In High Pressure High Temperature “HPHT” wells (pressure above 10000psi/690bar temperature above 300°F/150°C which contain CO2 (sweet corrosion) and H2S (sour service) the oil & gas operators need to select materials which are resistant in corrosive atmosphere during the well lifetime. At the same time high strength grades are usually required to meet collapse and burst properties.

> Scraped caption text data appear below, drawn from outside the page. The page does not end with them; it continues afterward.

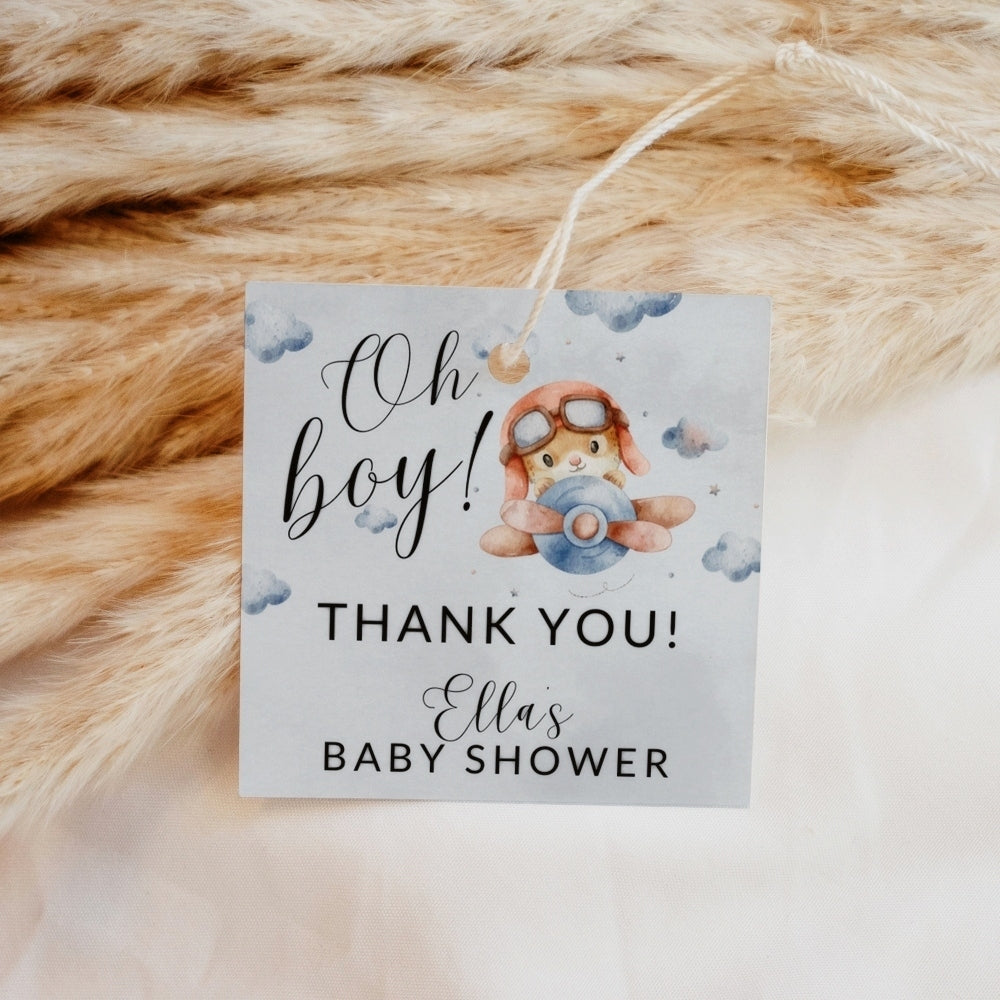 Oh boy! Adventure series Thank you tags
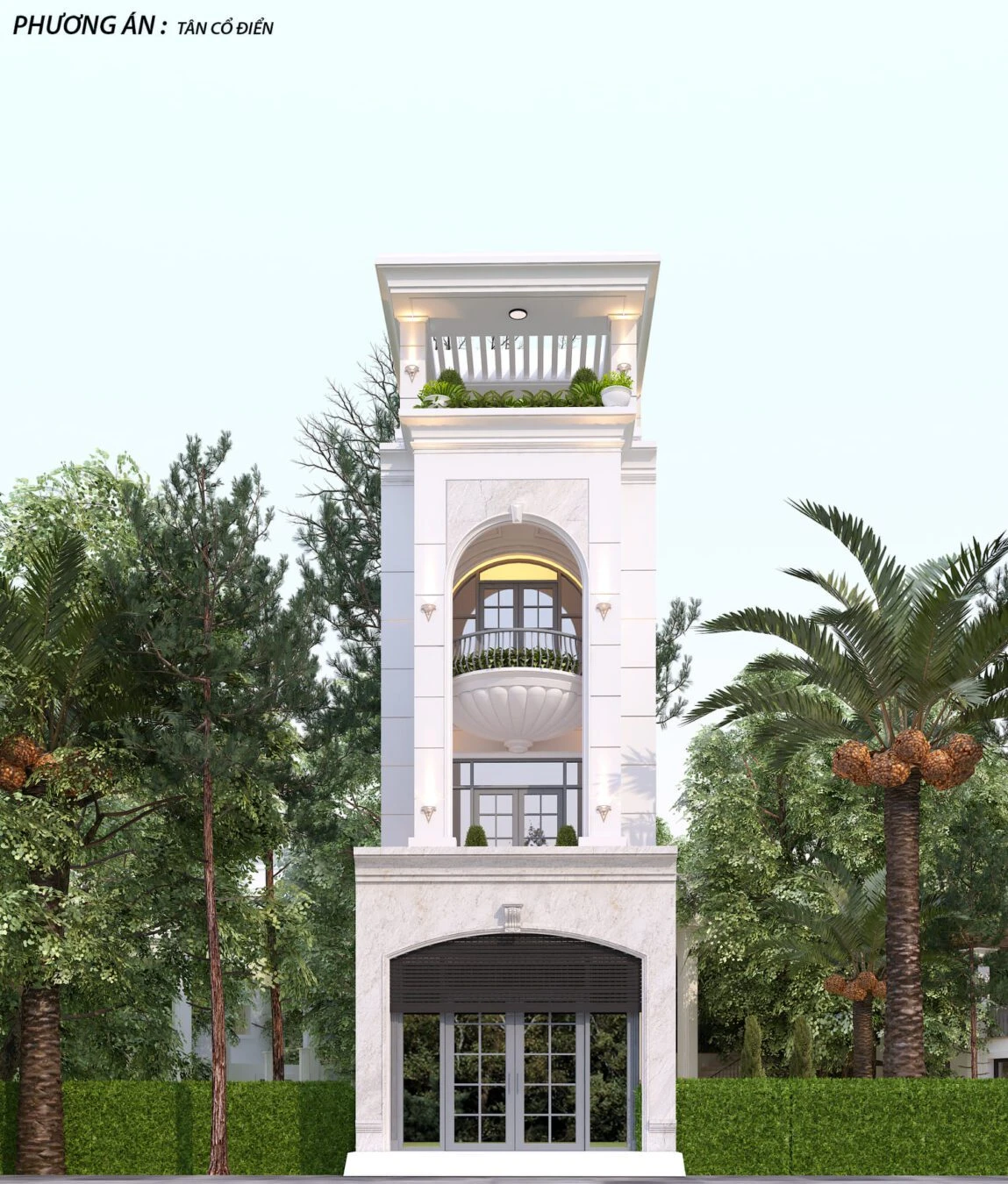 Exterior Sketchup Scene Free Download Modern ID 101000373 (Linh Pham)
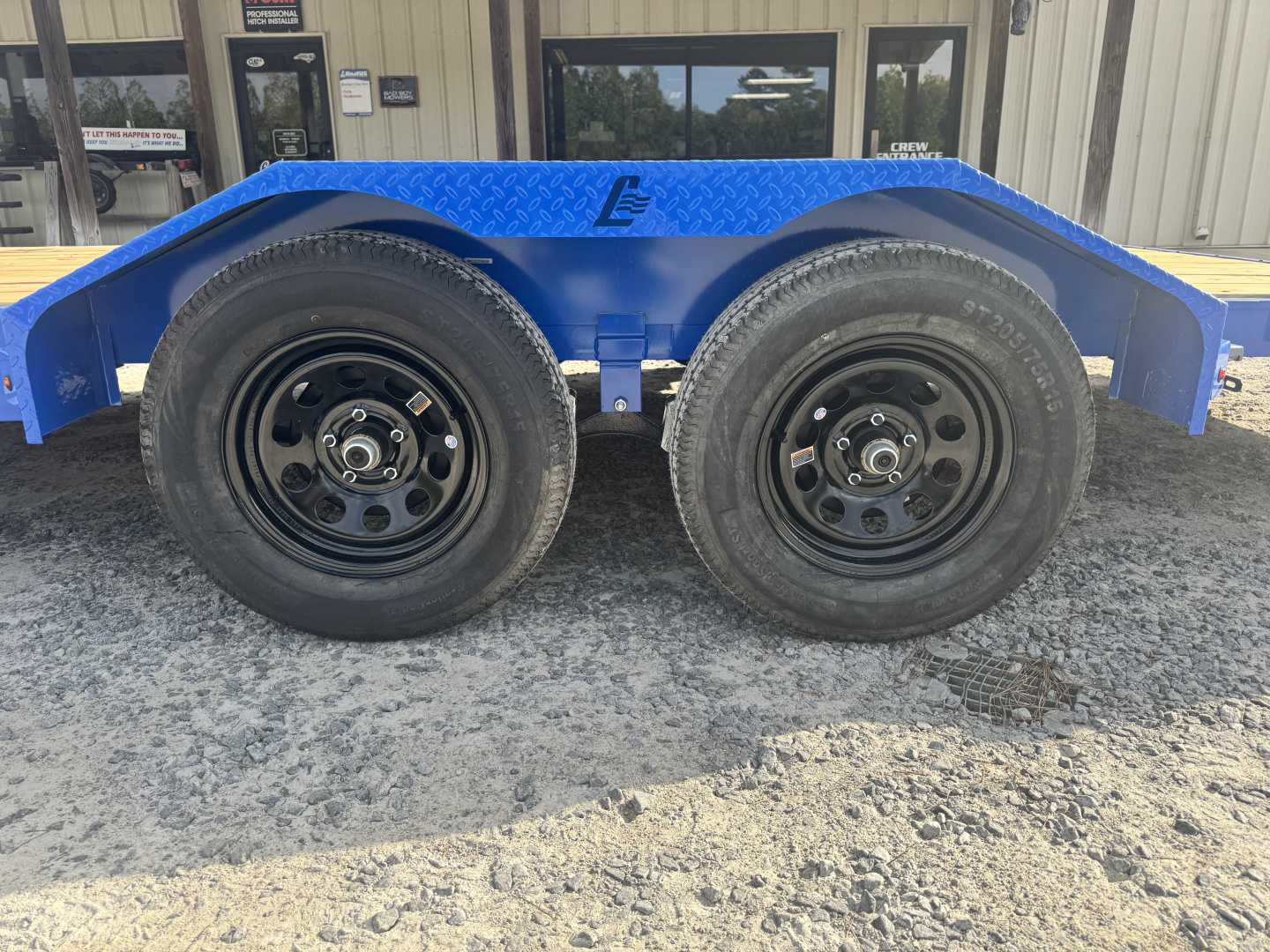 New 2027 Liberty LC7K83X20C4 Freedom Blue Car Hauler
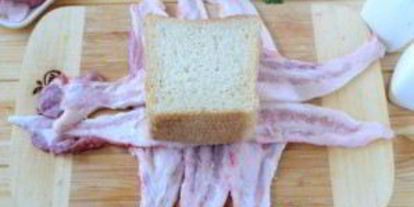 Шаг 6: сэндвича в беконе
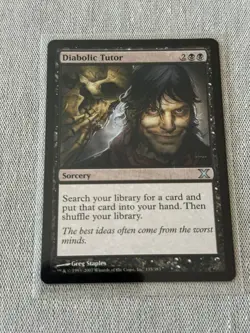 Diabolic Tutor - 10th Edition (10E) - Image 1
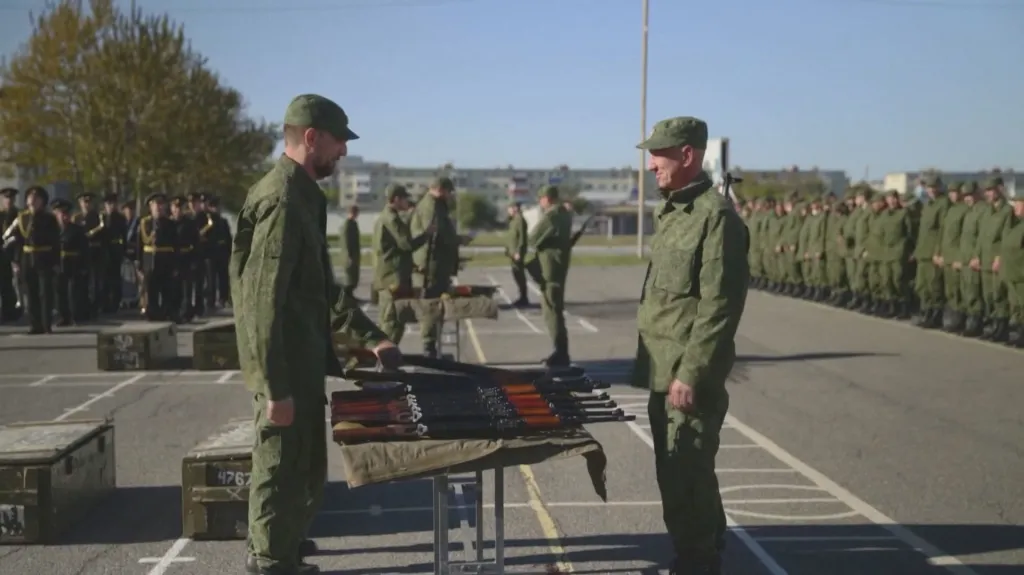 Ruští odvedenci do armády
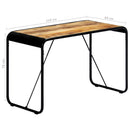 spisebord 118 x 60 x 76 cm massivt ru mangotræ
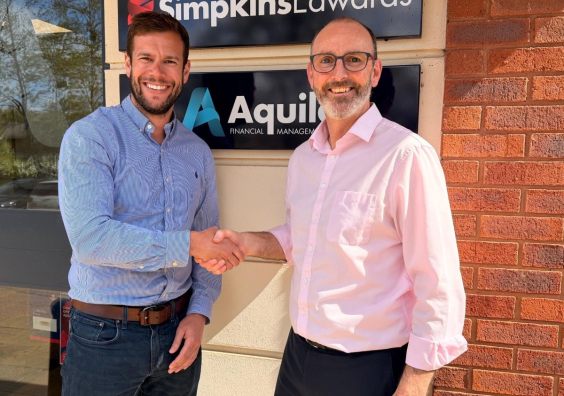 Simpkins Edwards Managing Partner Mark Simic with new Partner Michael Hesketh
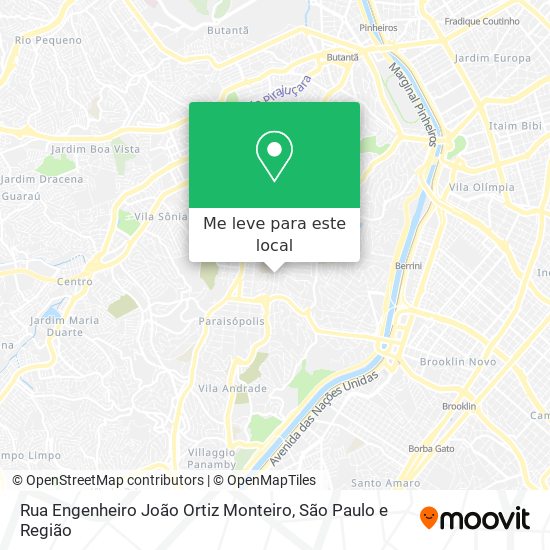 Rua Engenheiro João Ortiz Monteiro mapa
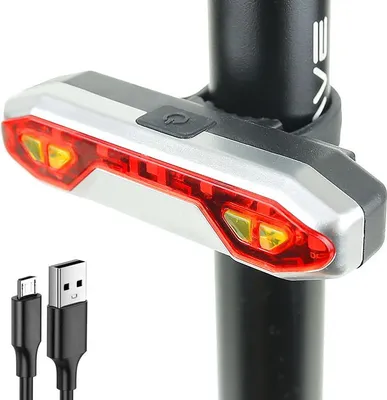 Zdjęcie produktu dla Tylna Lampka Rowerowa USB LED REAR-X
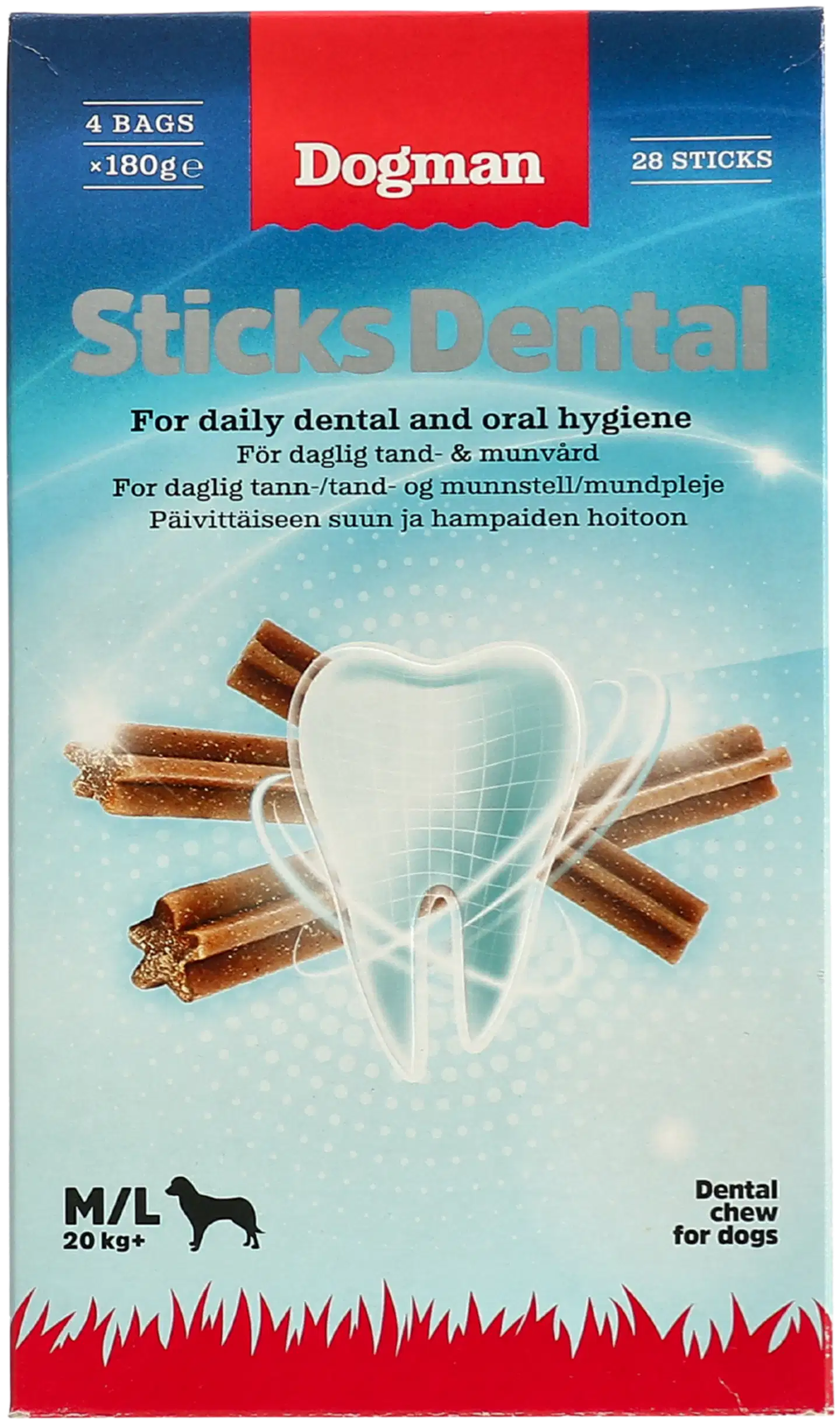 Dogman Sticks Dental M/L 28-pack 4x180g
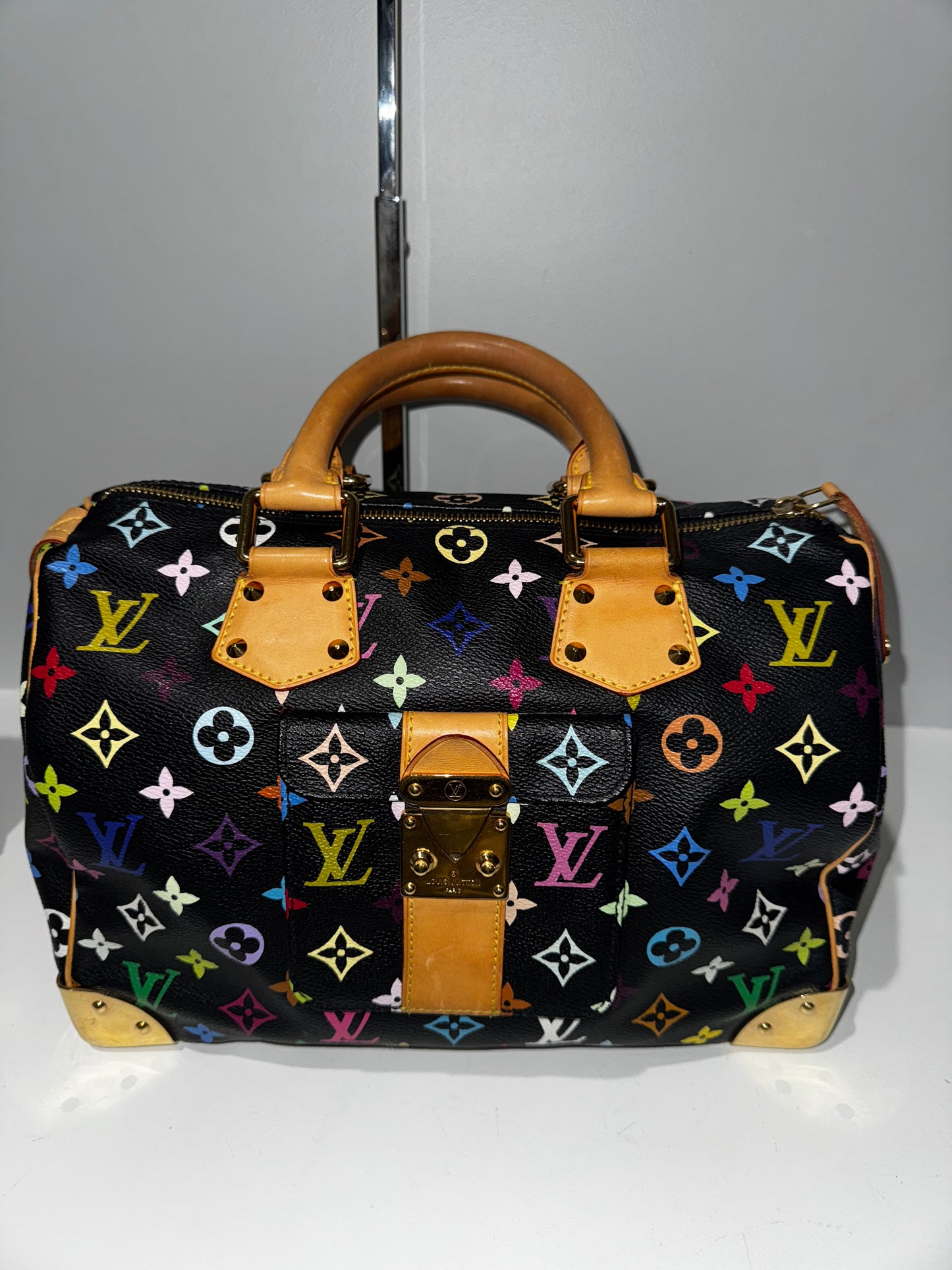 Pre-Owned Louis Vuitton Murakami Multicolor Noir Speedy 30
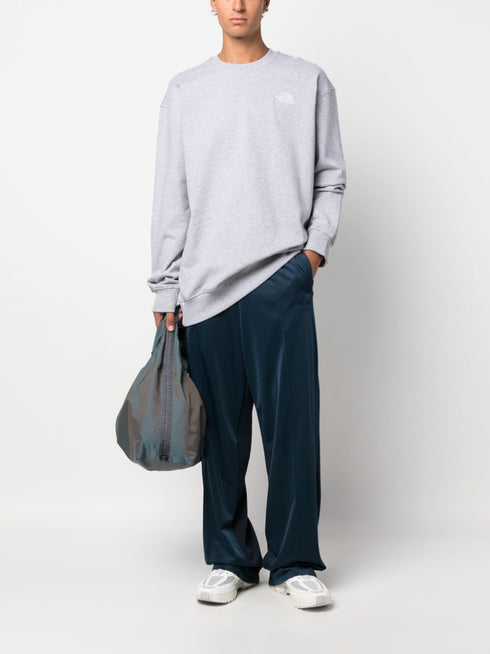 bluza z nadrukiem z logo wykonana z mieszanki bawełny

The aim of the end users is to get the specific grade which can resist to corrosion while minimizing the cost which involves qualification with corrosion tests.The API 5CRA standard defines corrosion resistant alloy (CRA) grades for casings and tubings from group 1 named “Super 13Cr 13-5-2” (suitable up to 356°F/180°C) to group 2 “Duplex” grades 22-5-3 (450°F/232°C) or “Super Duplex” 25-7-4 (482°F/250°C) and higher grades.Therefore when the well temperature is above 356°F/180°C duplex grades or higher are commonly selected as these materials have a larger application domain at higher temperature range.A new proprietary grade chemistry was developed to provide good corrosion performances up to 230°C 125ksi (862MPa) grade material and high impact toughness. From a metallurgical standpoint achieving targeted mechanical and corrosion performances has ended up in a multi-phases material (martensite delta ferrite and austenite). Most of the performances are mainly controlled by the phases balance which alloy optimization has enabled consistent control by heat treatment.Stress corrosion cracking performances were assessed and compared to Super 13Cr and Super Duplex materials showing significant benefice of chromium under high temperature. Potentiodynamic electrochemical measurements in H2S environment were performed at 24°C in order to evaluate pitting performance and assess risk of sulfide stress corrosion cracking confirming higher sulfide stress corrosion performance compared to S13Cr materials. X-ray Photoelectron Spectroscopy (XPS) characterizations provide deep knowledge about it passive film compositions underlining the beneficial effect of high chromium within the grade.This solution offers to Oil and Gas operators a cost effective designed seamless tubes for high temperature well reservoir condition as alternative to duplex materials.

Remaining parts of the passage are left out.